European Shares Seen Opening Up As Rate Fears Ebb

European Shares Seen Opening Up As Rate Fears Ebb

October 11, 2023

European stocks are likely to open higher on Thursday after tech stocks led Wall Street’s rebound overnight on easing fears over the need for further rate rises.

A 5 percent drop in crude prices on Wednesday also helped ease investor concerns around inflation.

Asian markets were broadly higher, with Japan’s Nikkei climbing 1.7 percent after declining to a four-month low the previous day.

The dollar gave up some recent gains and U.S. Treasury yields moderated as traders scaled back forecasts for Fed tightening this year.

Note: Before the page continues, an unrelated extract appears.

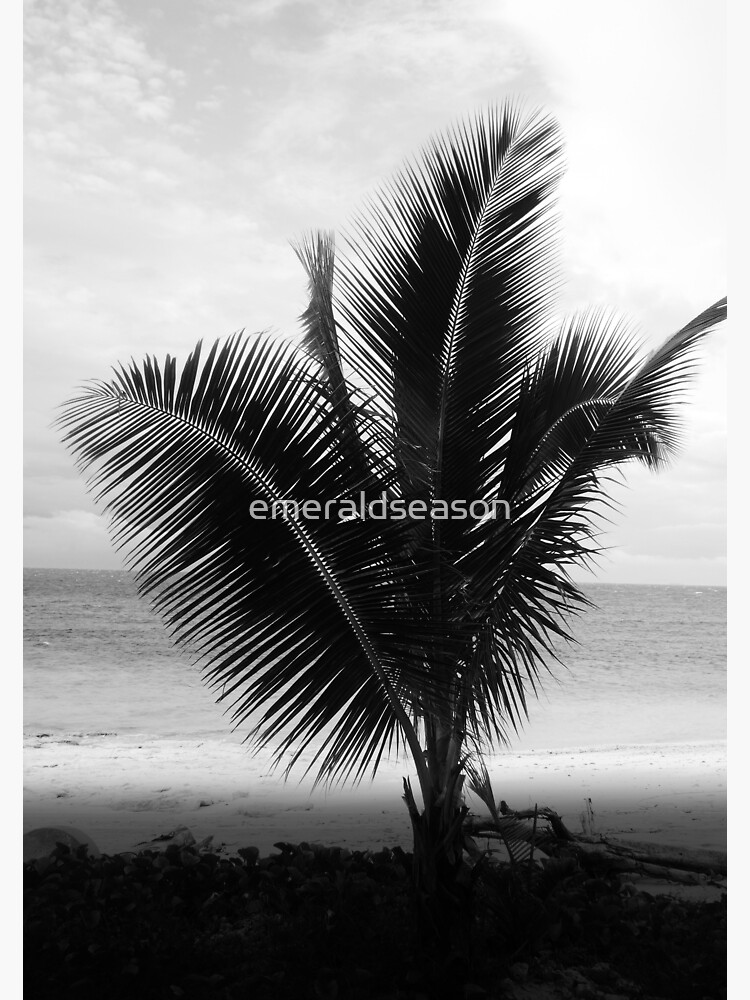 Palme Fidschi gerahmter Druck von emeraldseason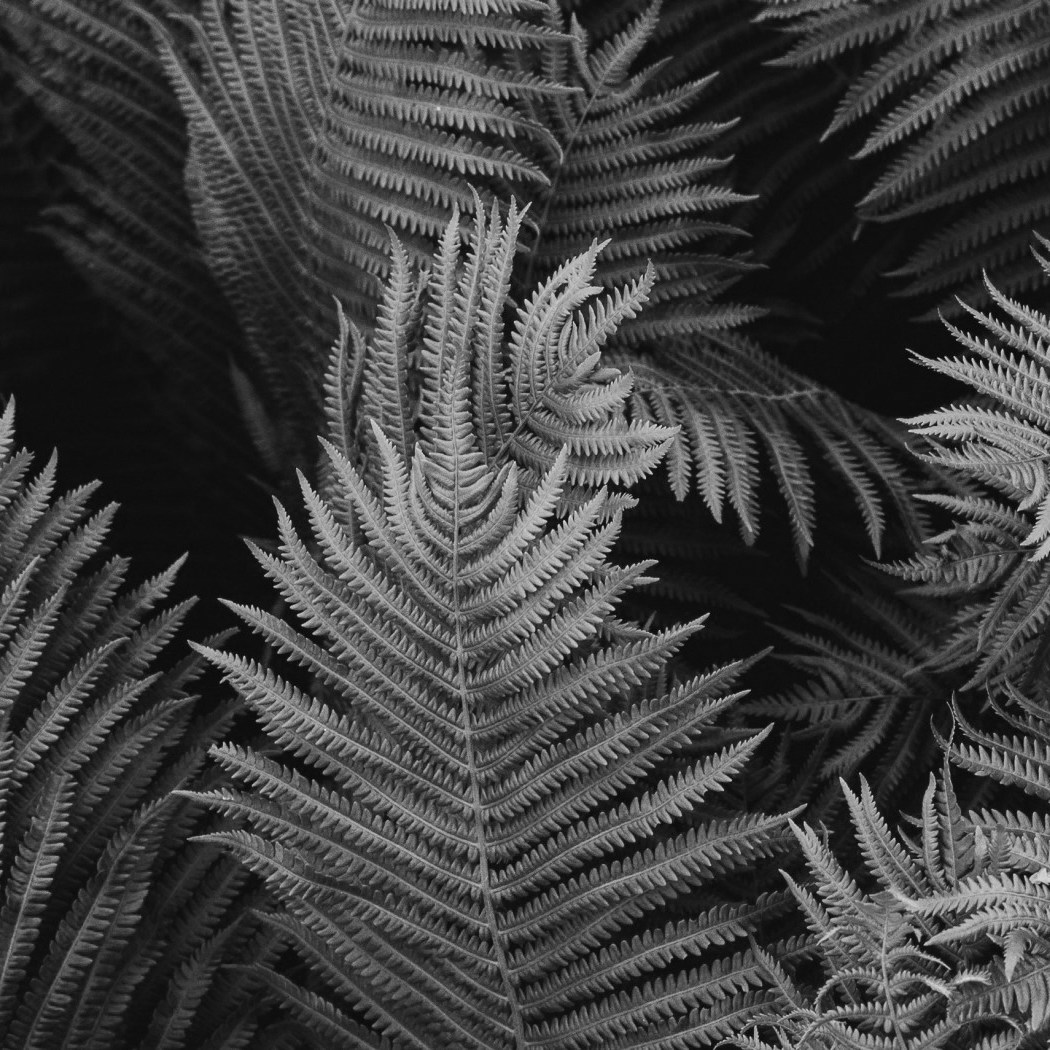 Go to Ｋｕｃｈｉｈｉｇｅ Ｓａｂｏｔｅｎ's profile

Oil rose about half a percent in Asian trade, paring losses from its steepest one-day drop in a year.

Gold ticked higher ahead of U.S. weekly jobless claims data due later in the day and the more-closely watched U.S nonfarm payrolls report, due on Friday.

Economists expect U.S. employment to increase by 170,000 jobs in September after an increase of 187,000 jobs in August.

The unemployment rate is expected to edge down to 3.7 percent from 3.8 percent.

The European economic calendar remains light, with foreign trade and construction Purchasing Managers’ survey results from Germany due later in the day.

U.S. stocks rebounded from four-month lows overnight and bond yields pulled back from 16-year highs after data showed private-sector employers added 89,000 jobs in September, the fewest since January 2021 – helping calm some fears over high interest rates.

A separate report revealed activity in the U.S. services sector slowed in September.

The Dow added 0.4 percent to snap a three-day losing streak, while the tech-heavy Nasdaq Composite rallied 1.4 percent and the S&P 500 climbed 0.8 percent.

European stocks ended a choppy session mixed on Wednesday as investors assessed a deluge of regional data.

The pan-European STOXX 600 slipped 0.1 percent. The German DAX finished marginally higher, while France’s CAC 40 ended flat with a negative bias and the U.K.’s FTSE 100 dropped 0.8 percent.